In contrast, Richard "Rick" Linbergh Tucker, an American academic, is depicted as a desperate figure, whose obsessive pursuit of Barclay for biographical purposes leads him down a path of humiliation and moral degradation. Rick's physical presence and evolving style serve as a visual representation of his inner turmoil and escalating desperation. The narrative further introduces Mary Lou Tucker, Rick's young wife, who becomes an unwitting pawn in Rick's ambitions, highlighting the intersection of personal aspirations and relational dynamics. Together, these characters navigate themes of obsession, neglect, and the search for identity, inviting readers to reflect on the complexity of human relationships and the burdens of ambition.
The Paper Men: Analysis of Major Characters
Author: William Golding
First published: 1984
Genre: Novel
Locale: England, Switzerland, and Italy
Plot: Domestic realism
Time: The early 1980's
Wilfred (Wilf) Townsend Barclay, a successful English novelist. Turning sixty, with a scraggly yellow-white beard and thatch of hair and a broken-toothed grin, Wilf is struggling with his addictions to alcohol and women. The latter leads to his divorce and departure from his house in Wiltshire to become a wanderer around the globe. After the early death of his parents—he never knew his father—he had become a bank clerk.

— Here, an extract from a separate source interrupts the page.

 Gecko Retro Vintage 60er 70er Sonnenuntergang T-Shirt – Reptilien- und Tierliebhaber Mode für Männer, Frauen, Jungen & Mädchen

His inaccuracies were tolerated only because of his prowess as a wing threequarter on the local rugby team, but eventually he was fired. Spells as a groom, an actor, and a provincial reporter, then wartime service, preceded the writing of his first novel, Coldharbour. His success was maintained by such later novels as AllWeLikeSheep, The Birds of Prey, and Horses at the Spring. Although he is a skeptic about miracles, his aesthetic interest in stained glass leads him into an Italian cathedral, where he collapses in front of an image of Christ and subsequently claims to be suffering from the stigmata (except for the fatal wound in the side). Averse to but flattered by the desperate attempts of Rick Tucker to become his biographer, he treats him literally like a dog while alternately evading and manipulating him. Less excusably, he treats his wife, daughter, and acquaintances with an indifference scarcely mitigated by his financial generosity. His capacity for self-analysis allows him to see himself as a clown caught with his pants falling down.
Richard (Rick) Linbergh Tucker, an American academic. Six feet, three inches tall and weighing 225 pounds, Rick is covered by a forest of dark hair, has a broad nose with a bridge slightly sunken, a long upper lip, and the lower one dropped a fraction from it. In the years he spends trailing Wilfred Barclay, Rick later affects an Afro hairstyle, a shirt open to the navel, flared white trousers trimmed with sequins, and a gold necklace with every kind of trendy ornament attached. First as a diffident and plodding graduate student, then as a tenured assistant professor in the Department of English and Allied Studies at the University of Astrakhan in Nebraska, Rick trails Wilf around Europe, deviously trying to get Wilf to appoint him as his official biographer. Frustrated, humiliated, and growing increasingly ludicrous and desperate in his obsessive pursuit, Rick at the end appears to be turning to murder to secure his prey.
Mary Lou Tucker, Rick's wife. A slim twenty-year-old former student of Rick at Astrakhan University who majored in flower arranging and bibliography. She serves as bait in an unsuccessful attempt to lure Wilf into signing a document appointing Rick as Wilf's official biographer. Although he finds her mind as interesting as a piece of string, Wilf does base the character Helen Davenant, in his pastoral novel Horses at the Spring, on her. After splitting up with Rick, Mary Lou is reported to have become one of the women kept by Halliday, Rick's rich sponsor.